Prototype for Profiling Python
Last post covered some technical background using vmprof to profile Python with compiled or JIT'ed extensions. Now I've created a prototype that can convert the output to callgrind format so it can be viewed with KCachegrind.
To install the prototype using the Anaconda distribution:
- Create a new environment (if you do not use a new environment, these packages may conflict with an existing Numba install):
conda create -n profiling python numpy
- Switch to the new environment:
source activate profiling
- Install prototype versions of Numba and llvmlite:
conda install -c https://conda.anaconda.org/mdewing numba-profiling
- Install prototype version of vmprof:
conda install -c https://conda.anaconda.org/mdewing vmprof-numba
- Make sure libunwind is installed. (On Ubuntu
apt-get install libunwind8-dev
.) (On Ubuntu, it must be the -dev version. If not installed, the error message when trying to run vmprof isImportError: libunwind.so.8: cannot open shared object file: No such file or directory
) - Install KCachegrind (On Ubuntu,
apt-get install kcachegrind
)
There is a wrapper (vmprofrun
) that automates the running and processing steps.

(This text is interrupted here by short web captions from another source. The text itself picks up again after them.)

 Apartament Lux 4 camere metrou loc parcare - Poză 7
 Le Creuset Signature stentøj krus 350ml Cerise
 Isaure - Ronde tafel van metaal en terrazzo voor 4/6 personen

To use it, run vmprofrun <target python script> [arguments to the python script]
.
(No need to specify python
- that gets added to the command line automatically.)

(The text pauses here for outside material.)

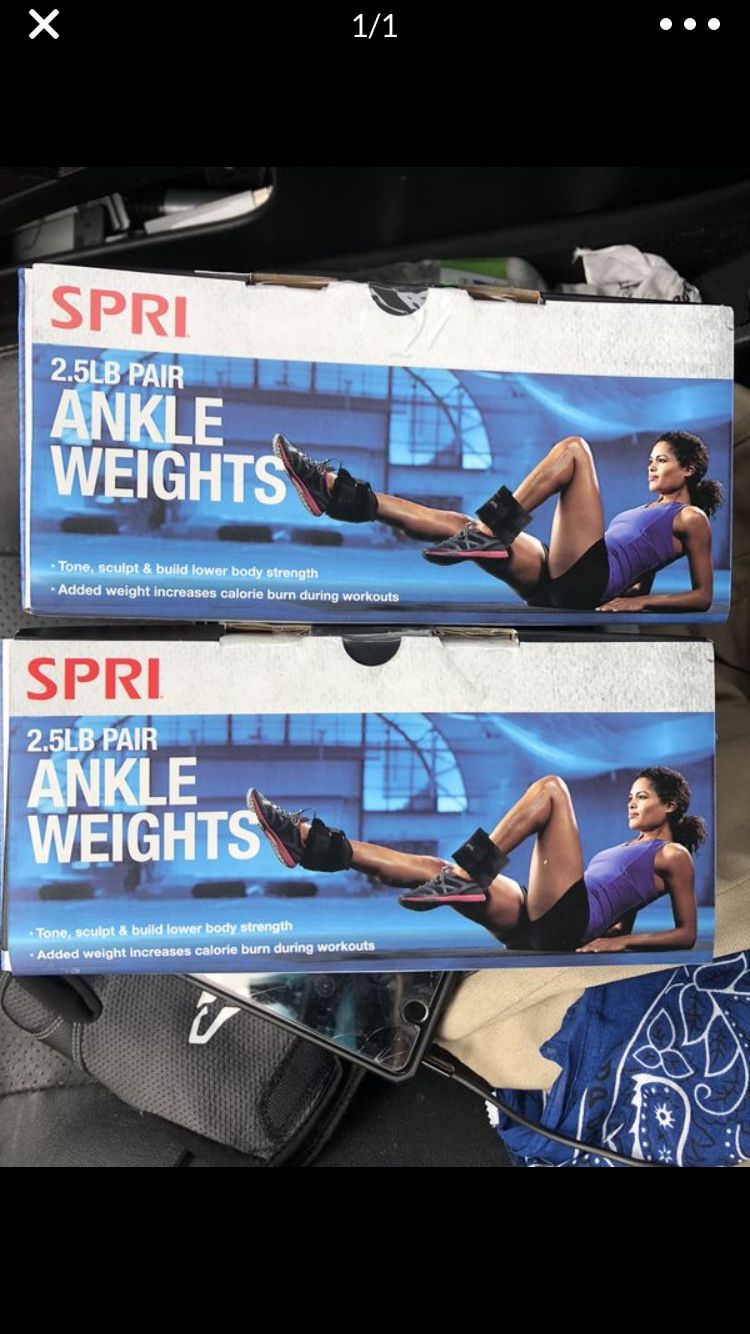New Sealed Box 2.5 lb pair of ankle weights 2.5 lb each ankle develop legs, calves and speed, also available AW’s come in 2.5 & 5, 10 lbs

By default it will output vmprof-<pid>.out
, which can be viewed in KCachegrind.
Underneath, the vmprofrun
tool saves the vmprof output during the run to out.vmprof
. After the run, it automatically copies the /tmp/perf-<pid>.map
file to the current directory (if running under Numba).
It moves out.vmprof
to out-<pid>.vmprof
.
Finally it runs vmproftocallgrind
using these files as input.
Limitations
- Only works on 64-bit Linux
- Function-level profiles only - no line information (for either python or native code)
- Sometimes the profiling hangs during the run - kill the process and try again.
- Works with Python 2.7 or 3.4
- Not well validated or tested yet
- It does not work well yet with the existing vmprof web visualization and CLI tools.
Other notes:
- The stack dump tool will process the stacks to remove the Python interpreter frames.
- By default the Numba
Dispatcher_call
level is removed. Otherwise the call graph in KCachegrind gets tangled by all the call paths running through this function. - It should work with C extensions and Cython as well.